Когда они вылезли и пошли лесом, начинавшимся от самой станции (маленькой, кирпичной, где один и тот же служащий продавал билеты, отбирал их, махал машинисту, подавал ящики в товарный вагон), когда они вошли в лес, где было жарко и сыро, где жесткая, совсем еще зеленая ежевика росла стеной, а верхушки дубов дрожали и текли в солнечном разливе, Вера сказала, что не помнит, когда в последний раз была в лесу, она даже забыла, что бывают леса. Правда, это было так давно! Может быть, это было еще в детстве. А главное, она никогда ни с кем не была в лесу вдвоем, не была в поле, на речке. Она никого не знала, кто бы это любил, кто бы позволил ей вот так остановиться и прислушаться, — ни к чему, или вздохнуть несколько раз — ни о чем. Дорога поднималась в гору и темнела, уходя.

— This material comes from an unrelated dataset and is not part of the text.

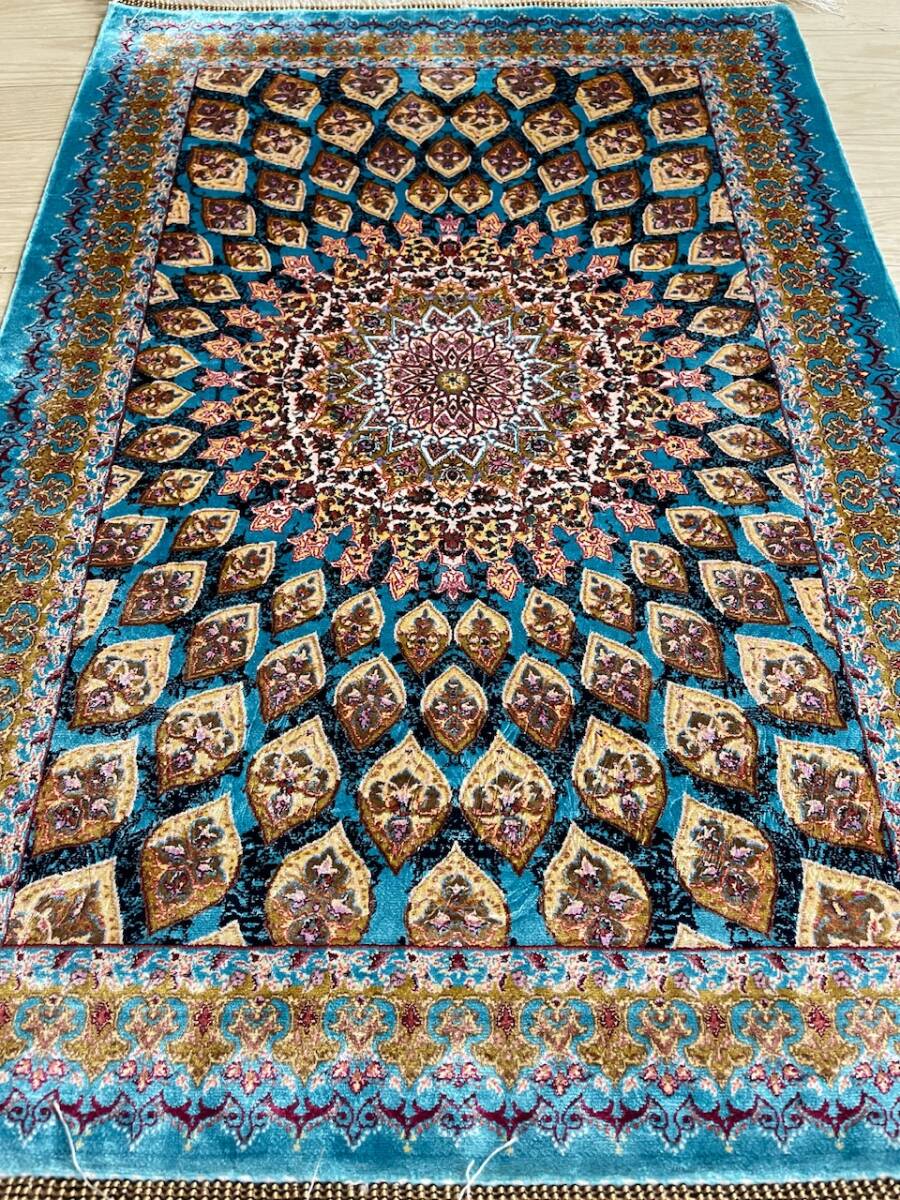 イラン・クム産 Negin Mashhad Heler工房 高級ペルシャ絨毯 総 イラン・クム産 Negin Mashhad Heler工房 高級ペルシャ絨毯 総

— Там не страшно? — спросила она, улыбаясь своей широкой улыбкой и в эту минуту и в самом деле становясь похожей на мать.
— Не знаю. Мне не страшно. Мне даже тебя не страшно, — отвечал Карелов, нарочно удерживаясь, чтобы не взглянуть на нее.
— А мне вот тебя страшно, — ответила она серьезно. Все пенилось в ней, когда она это сказала, от чувства жизни, от чувства счастья, и она знала, что он знает, что все в ней пенится. Тихонько подойдя к нему, она приблизила свое лицо к его лицу, общими руками между его и своими глазами сделала щиты, так, что могло показаться, что сейчас ночь и они в темноте, и долго смотрела молча в его глаза. Ей хотелось сказать, что несмотря на то, что эта дорога вьется в гору, кругосветное путешествие окончено; что она всю жизнь думала, что она счастлива, но что на самом деле она была очень несчастна; что ей, хочется всегда, без конца быть с ним — и даже чтобы он этими руками, которыми ласкает ее, когда-нибудь закрыл ей глаза; ей хотелось сказать, что она знает, что и он хочет того же. И еще ей хотелось сказать — и это-то больше всего волновало ее — что в поезде ее тошнило, что она беременна.
Но она не сказала ничего, потому что, когда она стояла так близко от него, у нее не было голоса.